Once the line with "Power Button Connecting" has been located in the records below, set down that line and all subsequent lines exactly, omitting the pictures.
(Data under study begins)
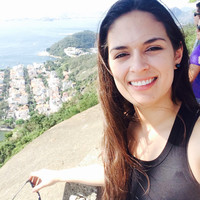 Regiane Torelli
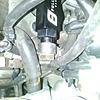 FFE FD Fuel Step Up Kit Installation-img_20170408_224207.jpg
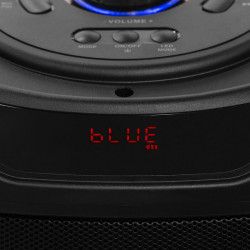 Thunder Blaze 800-N	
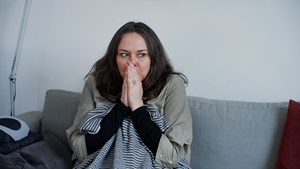 Bliv klar til krisen: Gratis kursus på Aalestrup Bibliotek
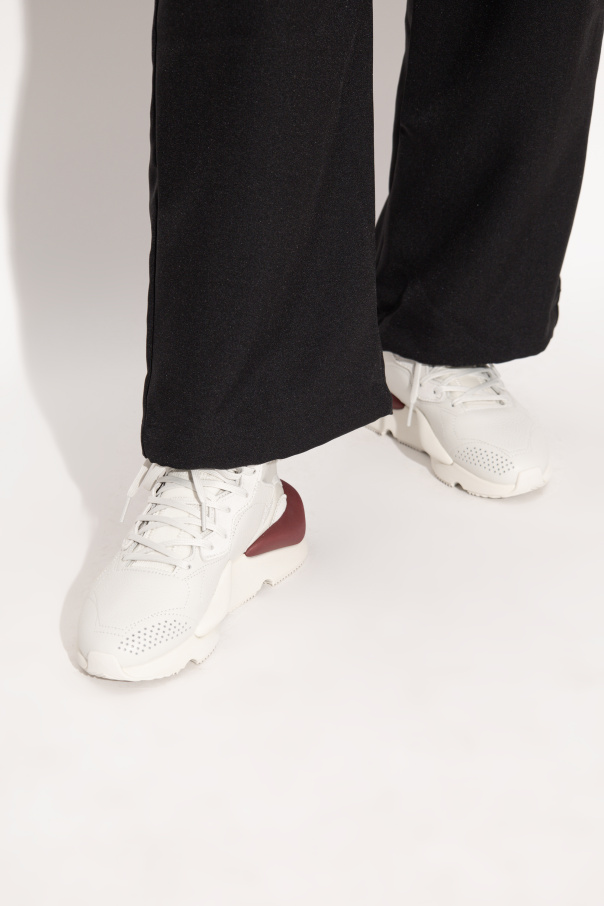 Y-3 ‘Kaiwa’ sports shoes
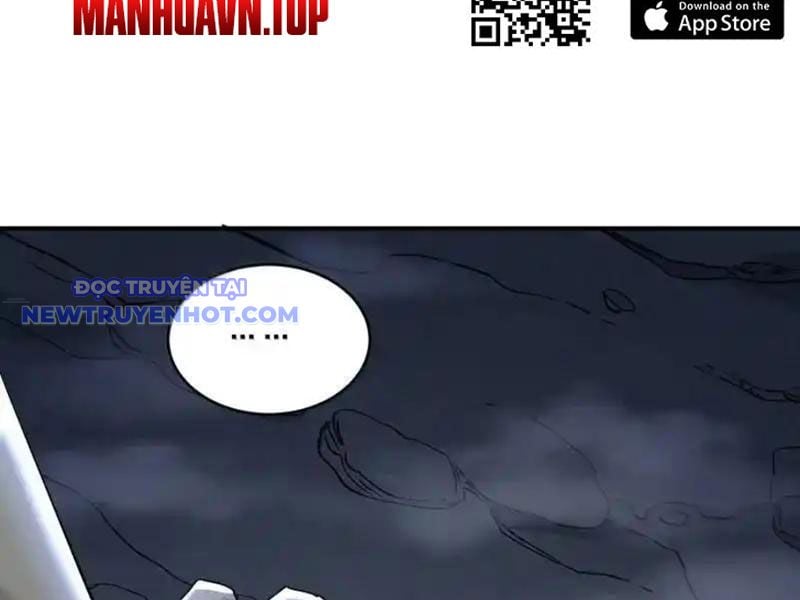 Thế Nhân Thực Sự Tin Tôi Là Đại Boss: Chapter 103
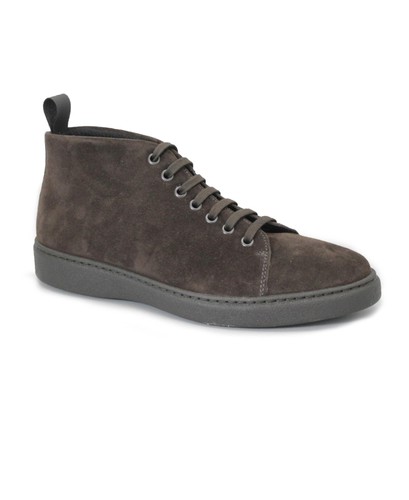 Frau 19a9 pepe waxy marrone - waxy,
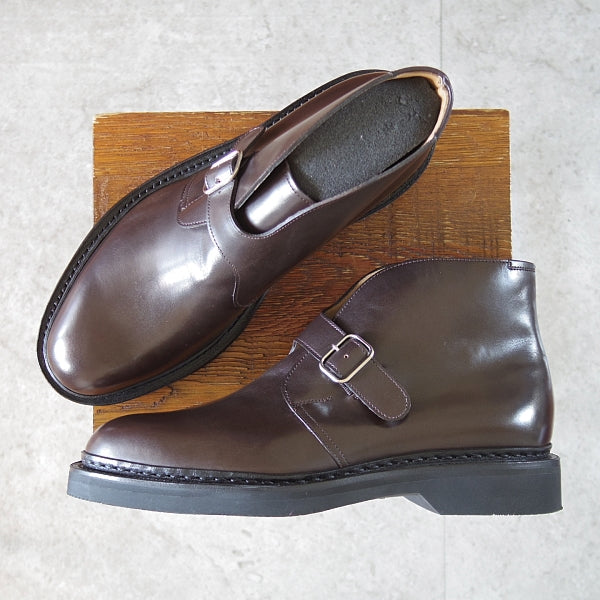 jhon lobb ジョンロブ　WILLIAM ウィリアム　9.5 John Lobb(ジョンロブ) WILLIAM(ウィリアム) 9795E ダークブラウン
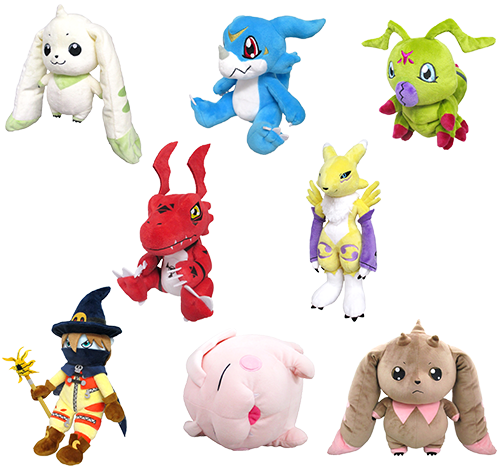 theaterpopup2_update3plushes_february27_2020.png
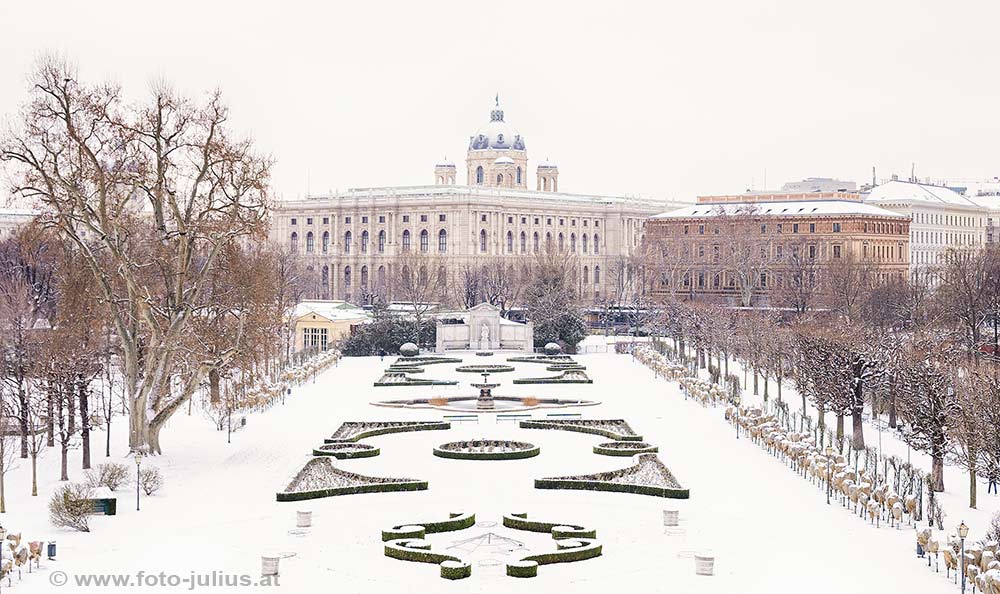 W7197b_Wien_Volksgarten.jpg, 117kB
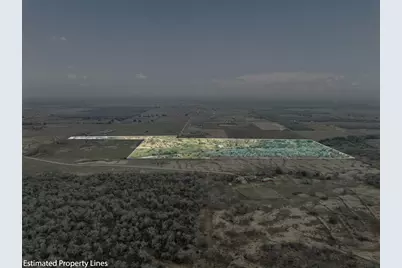 4025 County Road 284 #46X, Harwood, TX 78632 - Photo 32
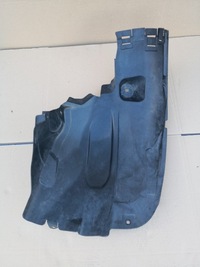 фото thumb №4, Opel corsa d 06- підкрилок передні ліві запчастина задня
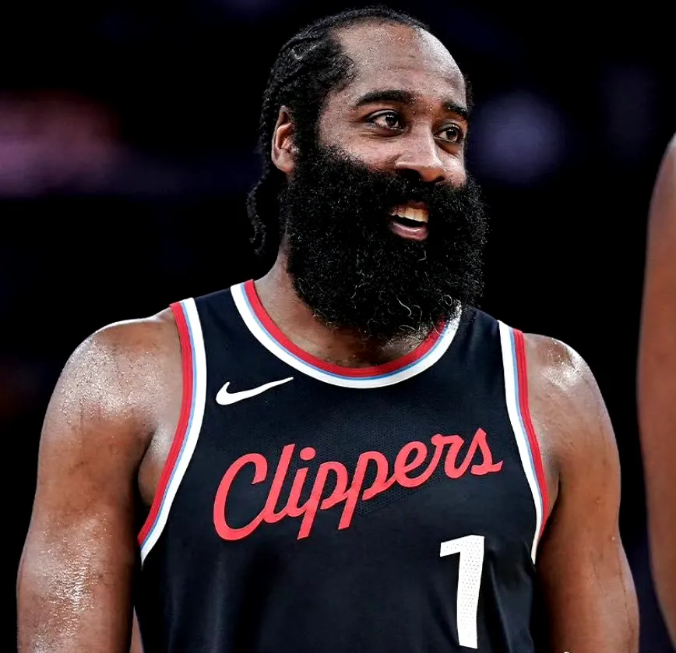 PG电子官网-哈登神勇，火箭取得半决赛首胜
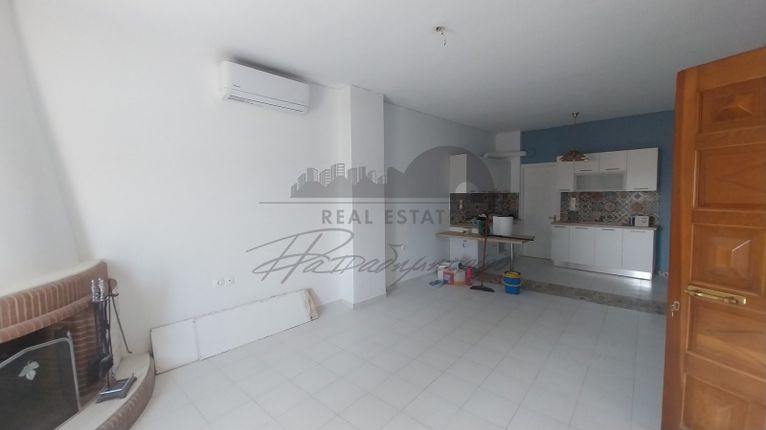 Διαμέρισμα 82 τ.μ. για ενοικίαση, Μαγνησία, Βόλος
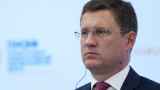 В правительстве заявили об отсутствии проблем с бензином после введения лимитов на продажу «в одни руки» в четырех регионах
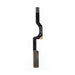 Power Button Connecting Cable (Connected to Motherboard) for MacBook Pro 16'' A2141 (2019) - Macfixit Australia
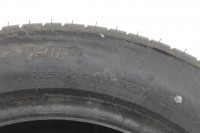 225 50 R16 92V Michelin Primacy HP 240 A A Germany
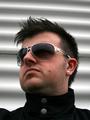 Matt Newman profile picture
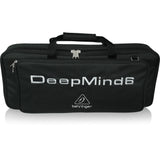 Behringer DeepMind 6-TB Transport Bag
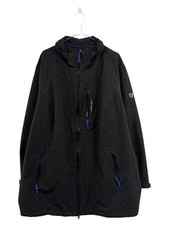 Ulla Popken Veste de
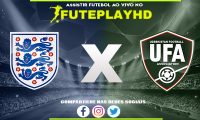 Assistir Inglaterra x Uzbekistan AO VIVO Online 22/11/2023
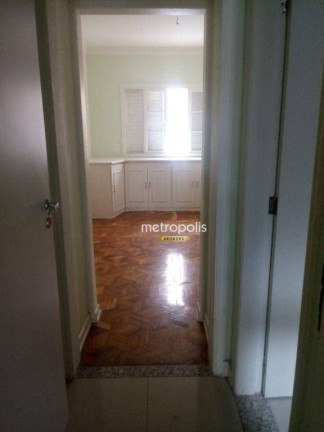 Imagem Casa com 4 Quartos à Venda ou Locação, 184 m² em Vila Brasilina - São Paulo Imagem Casa com 4 Quartos à Venda ou Locação, 184 m² em Vila Brasilina - São Paulo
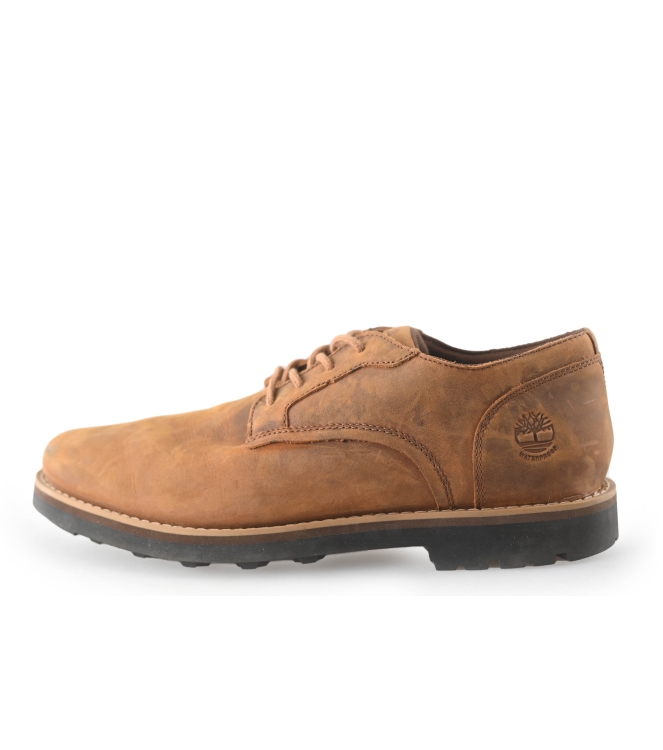 Timberland Schnürschuhe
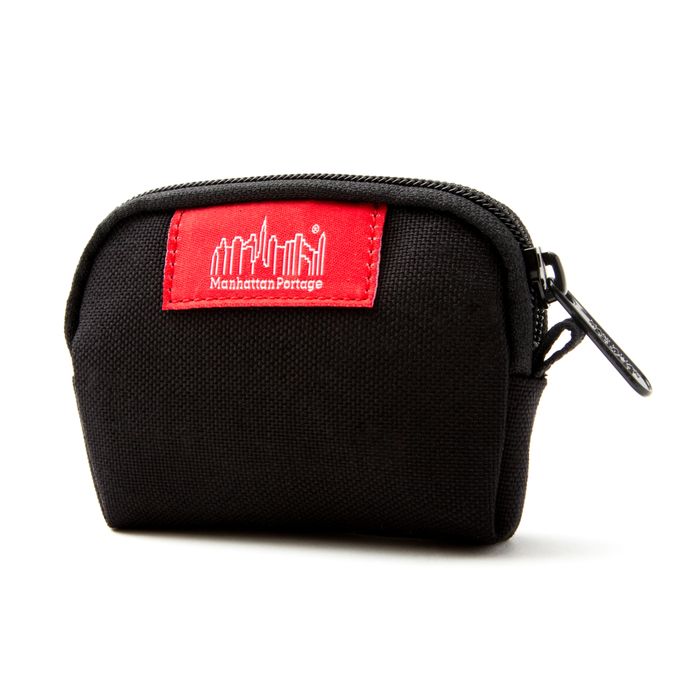 Coin Purse - 1008
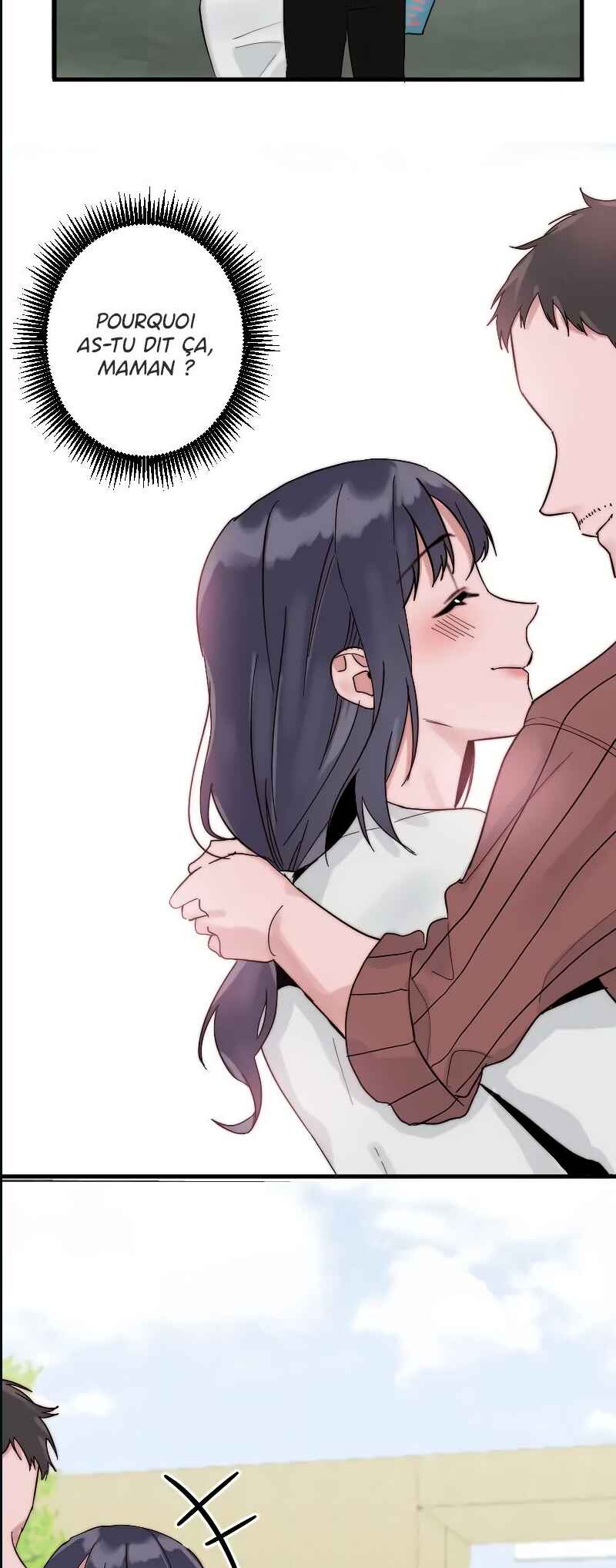 Seven Years Later Chapter 29 - Page 39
(Data under study ends)
■ Solution for this exercise:
 Power Button Connecting Cable (Connected to Motherboard) for MacBook Pro 16'' A2141 (2019) - Macfixit Australia
 225 50 R16 92V Michelin Primacy HP 240 A A Germany
 Matt Newman profile picture
 Behringer DeepMind 6-TB Transport Bag
 Ulla Popken Veste de
 Assistir Inglaterra x Uzbekistan AO VIVO Online 22/11/2023
 Imagem Casa com 4 Quartos à Venda ou Locação, 184 m² em Vila Brasilina - São Paulo Imagem Casa com 4 Quartos à Venda ou Locação, 184 m² em Vila Brasilina - São Paulo
 Timberland Schnürschuhe
 Coin Purse - 1008
 Seven Years Later Chapter 29 - Page 39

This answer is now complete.